Despite all of this, we still directly correlate fashion with Vogue. Parts of those elitist ways are still idolized by those who know they will never be part of the world, or those who one day hope to be. Seeing glimpses into backstage at fashion week, documentaries about completing photoshoots, the short YouTube content we see of models in more humanistic states – it’s obvious the people at Vogue are doing big, important and unique things. In order to capture Gen Z’s attention, though, those big and important things need to be documented in the correct capacity.
Enter Anna Wintour on BeReal.
BeReal is a new social media app that emphasizes authenticity. Users are notified during random periods in the day and told they only have two minutes BeReal. They take a picture using the front camera and five seconds later, the app automatically takes a back camera picture to capture a selfie. That way, friends can see exactly what you look like, and exactly what you’re seeing at that exact moment. BeReal is rapidly taking over social media, as screenshots from the app now qualify as Instagram posts, and people are competing on Tik Tok for the most epic BeReal.
Everyone remotely interested in the fashion world knows the signature bob and sunglasses. They also know that Anna Wintour lives a life that few can even imagine. Personally, I would be absolutely hooked to BeReal if I knew Anna Wintour was giving me little glimpses into that glimmering life. I want to see her view from the front row at fashion shows, I want to see meetings with designers, I want to see model fittings, I want to see the inside of the Vogue office, I want to see a spread of the newest issue pinned to the wall in the conference room. But most importantly, I want to see Anna Wintour selfies. Could you imagine who we might catch glimpses of as she stands there with an inconspicuous smirk?

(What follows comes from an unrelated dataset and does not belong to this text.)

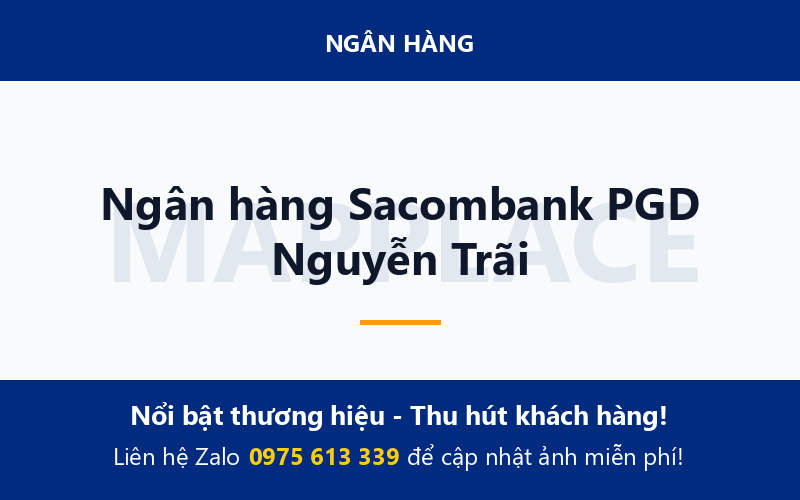 Ngân hàng Sacombank PGD Nguyễn Trãi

There’s the obvious question of, “What happens if BeReal goes off when Anna is working?” to which I counter, “When is Anna Wintour not working?”
As someone who notoriously works her ass off from 5am tennis lessons until every edition of Vogue is absolutely perfect, nobody would need to worry about Anna posting something too personal. As much as I would love a BeReal of Anna Wintour laying in bed with popcorn binging Keeping Up With the Kardashians, I fear that it is not an attainable goal.
Admittedly, we do run into a few different problems with this strategy. Big companies are constantly criticized on Tik Tok for posting trends months too late, as they had to get two higher-ups and the legal team to approve the video before it’s posted. BeReal doesn’t have that kind of luxury. Users are only given a two-minute time frame before it announces to all friends that they posted late, a criminal act. As a leader at both Vogue and Conde Nast, Anna ultimately has the final say on everything published. I believe we can trust her business mind to know what is acceptable and what is not.
In reality, companies are constantly vying for a leg up when it comes to advertising to the young generations. They’ve become efficient at using ratchet Tik Tok sounds to get their advertising across, but BeReal is a new beast. It’s still unclear as to how companies will be able to market on the platform, or if it’s even possible. However there is no question that BeReal is slowly taking over social media, and companies must sprint to figure out how to utilize it.
If Vogue wants to continue its legacy in the up and coming generations, there is only one solution.
Open a Vogue BeReal account, give Anna Wintour the phone, and let her extravagant fashion life do the rest.